The National Recreation and Park Association is considering structural changes that could fundamentally change how members associate. That has some longtime aquatics leaders concerned the changes may be more about saving money in a downsized organizaton than anything else.
A task force now is reviewing the option of doing away with the branches and sections structure of the organization. The task force is still finalizing its work, but the preliminary recommendation is to reconfigure them into a group of networks that would serve essentially the same function, said Lois Finkelman, chair of the NRPA Board of Directors. She added that though no final vote on the recommendations will take place until the task force has completed its report, the recommendations have received positive feedback from the board.
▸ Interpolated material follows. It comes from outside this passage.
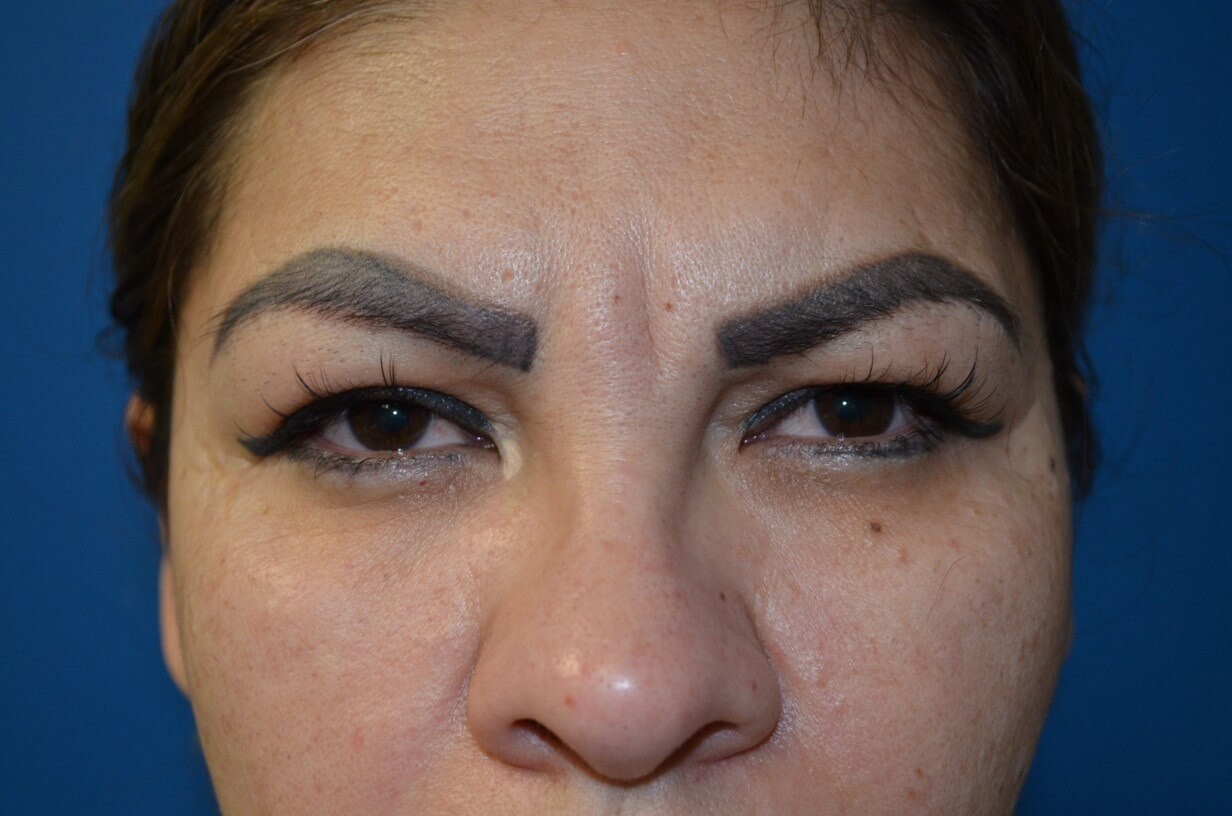 Secondary Upper Lid Lift Before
Under the current system, individuals can join NRPA as either a corporate member, industry professional or citizen volunteer. And a member can elect to be a member of a specific branch or interest group, such as aquatics. Branches are required to have separate leadership and governance. Sections are similar to branches, but don’t have enough members to qualify as a branch.
If approved, the new system would eliminate this structure and create looser associations united via the Internet, rather than by a codified structure.
Not everyone likes that plan, however. “I just don’t see that the networking groups are going to be as effective,” Terri Smith said.
Smith is an aquatics professional who’s held leadership positions in NRPA for more than five years. She and Juliene Hefter believe one primary motivating factor could be saving money. A move to networks could potentially save on staffing.
“I give NRPA a lot of credit for where I am in my life,” said Hefter, a past president of NRPA's National Aquatic Branch. “I want that to be the same for future individuals.”
A vote on the issue is expected to take place at the 2010 NRPA Congress & Exposition in October, but Finkelman said if the task force completes its recommendations before then, the board could vote sooner.